## Obligatory imports

In [None]:
import numpy as np
import matplotlib
import matplotlib.pyplot as plt
import seaborn as sns
import sklearn
%matplotlib inline
matplotlib.rcParams['figure.figsize'] = (10,6)

# MNIST Dataset

In [None]:
# Please click "Stay on page" on the popup!
import IPython.core.display
import requests

url = 'http://yann.lecun.com/exdb/mnist/'
IPython.core.display.display_html(requests.get(url).text, raw=True)

## Fetch the data

In [None]:
from sklearn.datasets import fetch_mldata

In [None]:
mnist = fetch_mldata('MNIST original', data_home='../data/')

In [None]:
allimages = mnist.data
allimages.shape

In [None]:
all_image_labels = mnist.target
[int(x) for x in set(all_image_labels)]

## check out the data

In [None]:
digit1 = mnist.data[0,:].reshape(28,-1) # arr.reshape(4, -1) is equivalent to arr.reshape(4, 7), is arr has size 28

In [None]:
plt.imshow(digit1, vmin=0, vmax=1)

## Classify using Logistic Regression

### Separate the data into training data and test data

In [None]:
len(allimages)

### Sample the data, 70000 is too many images to handle on a single PC

In [None]:
len(allimages)

In [None]:
size_desired_dataset = 2000

In [None]:
sample_idx = np.random.choice(len(allimages), size_desired_dataset)
images = allimages[sample_idx, :]
image_labels = all_image_labels[sample_idx]

In [None]:
set(image_labels)

In [None]:
image_labels.shape

### Partition into training and test set *randomly*

**As a rule of thumb, 80/20 split between training/test dataset is often recommended.**
See below for cross validation and how that changes this thumbrule.


In [None]:
ntraining = int(len(images)*0.8)

training_idxs = np.random.choice(len(images), ntraining)
test_idxs = np.array(list(set(range(len(images))) - set(training_idxs)))

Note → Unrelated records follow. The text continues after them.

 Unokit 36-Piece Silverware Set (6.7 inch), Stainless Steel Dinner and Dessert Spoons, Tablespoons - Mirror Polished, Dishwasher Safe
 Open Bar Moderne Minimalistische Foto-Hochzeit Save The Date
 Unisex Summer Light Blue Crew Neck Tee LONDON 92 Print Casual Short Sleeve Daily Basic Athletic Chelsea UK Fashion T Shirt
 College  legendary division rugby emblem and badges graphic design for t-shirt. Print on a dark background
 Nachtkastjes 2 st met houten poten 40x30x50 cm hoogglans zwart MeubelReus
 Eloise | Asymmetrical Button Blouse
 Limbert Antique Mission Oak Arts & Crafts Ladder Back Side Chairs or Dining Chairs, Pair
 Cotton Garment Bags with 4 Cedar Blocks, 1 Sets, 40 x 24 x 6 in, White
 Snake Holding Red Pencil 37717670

training_data, training_labels = images[training_idxs, :], image_labels[training_idxs]
test_data, test_labels = images[test_idxs, :], image_labels[test_idxs]

### More useful way:

In [None]:
from sklearn.model_selection import train_test_split

In [None]:
training_data, test_data, training_labels, test_labels = train_test_split(images, image_labels, train_size=0.8)

In [None]:
from sklearn.linear_model import LogisticRegression

In [None]:
lr = LogisticRegression(multi_class='ovr')

In [None]:
training_labels.shape

In [None]:
lr.fit(training_data, training_labels)

In [None]:
lr.score(test_data, test_labels)

In [None]:
lr.predict(test_data[25].reshape(1,-1))[0]

In [None]:
plt.imshow(test_data[25].reshape(28,-1), vmin=0, vmax=1)

In [None]:
predicted_labels = lr.predict(test_data)

In [None]:
(predicted_labels != test_labels).sum()/len(test_labels)

### Show some sample outputs 

In [None]:
test_data.shape

In [None]:
test_dataidxs = np.random.choice(len(test_data), 10)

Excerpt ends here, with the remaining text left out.